El desglose y análisis por países revela varias conclusiones muy claras: Hay una condena mundial generalizada tanto a la invasión como a los refrendos. Pero el consenso se acaba de nuevo ahí; de hecho, este no es incondicional y monolítico como se esfuerza en aparentar la propaganda del Oeste. Una vez más los países occidentales extienden su punto de vista al resto del mundo sin la aquiescencia de este. El punto de vista de estos de apoyo “incondicional” a Ucrania es el de EE.UU. y Canadá, casi toda Europa, Japón, Corea del Sur, Australia y Taiwán. Pero los 5 países BRICS -Brasil, Rusia, India, China y Sudáfrica-, los miembros del G-20 Indonesia, Méjico y Arabia Saudita, y otros del peso regional de Nigeria, Etiopia, Bangladesh, Congo, Vietnam, Thailandia, Egipto, Argelia, Ghana, Kenia, Malasia, etc. no están ni por la dureza, ni por muchas de las medidas contra Rusia, ni incluso por los puntos de vista de los occidentales. Estos países quieren un alto el fuego, pero no se mojan a favor de las “soluciones” de la OTAN. El antiguo movimiento díscolo de los no alineados ha evolucionado y hoy defiende el multilateralismo, y lo ejerce. Pero Occidente se resiste a asumir un nuevo mundo multipolar, con otras culturas influyentes y con unos valores que no son los suyos. El hecho es que no casa con las necesidades, el enfoque y la estrategia de EEUU y sus aliados.

Una escalada de la guerra rearmando a los contendientes no tiene sentido dada la imposibilidad de victoria por ninguna de las partes; a no ser que lo único que se busque sea fortalecer la posición negociadora.

Como anunciábamos y temíamos en el artículo citado más arriba, el conflicto se ha estancado, cronificado y extendido más de la cuenta y más de lo calculado. A pesar de lo que difunden las propagandas nadie está ganando la guerra. Ya hay cansancio por todas partes y búsqueda de salidas “dignas”. La corrupción congénita ucraniana no respeta ni las necesidades más elementales en tiempo de guerra, como evidencian los múltiples casos destapados en las últimas semanas y que ha obligado al propio Gobierno de Kiev a admitirla y a tomar medidas drásticas. Una escalada de la guerra rearmando a los contendientes no tiene sentido dada la imposibilidad de victoria por ninguna de las partes; a no ser que lo único que se busque sea fortalecer la posición negociadora.

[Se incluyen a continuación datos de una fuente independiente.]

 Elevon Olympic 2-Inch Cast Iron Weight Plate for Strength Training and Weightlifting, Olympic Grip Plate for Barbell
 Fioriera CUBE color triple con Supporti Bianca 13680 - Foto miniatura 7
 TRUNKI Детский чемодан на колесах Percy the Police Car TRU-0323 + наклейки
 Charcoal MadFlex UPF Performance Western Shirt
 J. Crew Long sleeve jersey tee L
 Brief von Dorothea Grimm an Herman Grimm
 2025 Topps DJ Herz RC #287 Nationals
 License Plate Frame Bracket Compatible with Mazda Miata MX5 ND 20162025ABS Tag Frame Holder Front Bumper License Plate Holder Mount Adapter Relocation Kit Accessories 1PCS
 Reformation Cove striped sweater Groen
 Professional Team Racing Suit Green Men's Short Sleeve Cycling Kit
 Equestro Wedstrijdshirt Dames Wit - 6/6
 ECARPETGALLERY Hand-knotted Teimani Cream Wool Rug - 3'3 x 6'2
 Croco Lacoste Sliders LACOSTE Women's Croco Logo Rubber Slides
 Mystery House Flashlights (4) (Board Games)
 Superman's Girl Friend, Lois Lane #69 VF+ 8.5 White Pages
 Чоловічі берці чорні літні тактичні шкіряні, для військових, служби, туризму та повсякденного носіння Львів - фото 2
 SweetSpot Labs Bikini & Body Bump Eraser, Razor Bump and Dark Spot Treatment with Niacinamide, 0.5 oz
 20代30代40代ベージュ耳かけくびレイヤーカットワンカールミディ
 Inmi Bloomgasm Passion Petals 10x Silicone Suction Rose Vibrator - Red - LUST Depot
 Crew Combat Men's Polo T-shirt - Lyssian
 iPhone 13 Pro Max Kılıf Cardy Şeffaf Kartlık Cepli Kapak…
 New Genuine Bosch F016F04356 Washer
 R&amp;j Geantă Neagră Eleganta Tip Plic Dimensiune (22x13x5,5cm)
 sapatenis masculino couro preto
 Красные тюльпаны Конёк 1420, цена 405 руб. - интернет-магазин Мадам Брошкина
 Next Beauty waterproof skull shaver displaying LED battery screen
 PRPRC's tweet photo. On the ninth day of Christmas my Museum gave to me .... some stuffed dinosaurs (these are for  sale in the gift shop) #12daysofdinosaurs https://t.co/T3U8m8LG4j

Pero todos deberían empezar a asumir la renuncia a sus respectivos objetivos y cálculos y a admitir soluciones sobre bases realistas y no maximalistas imposibles de imponer; empezando porque el enfrentamiento imperialista ha llegado a un punto en el que no se vislumbran posibles avances por ninguna de las partes; y siguiendo por admitir la realidad incuestionable basada en un conflicto civil de raíces históricas profundas, siempre latente y desde 2014 dramáticamente evidente, de dos comunidades diferenciadas, que como mínimo no pueden ni deben ignorarse ni ser ignoradas, ni por los gobiernos occidentales y sus intereses ni por la mayoría de los medios.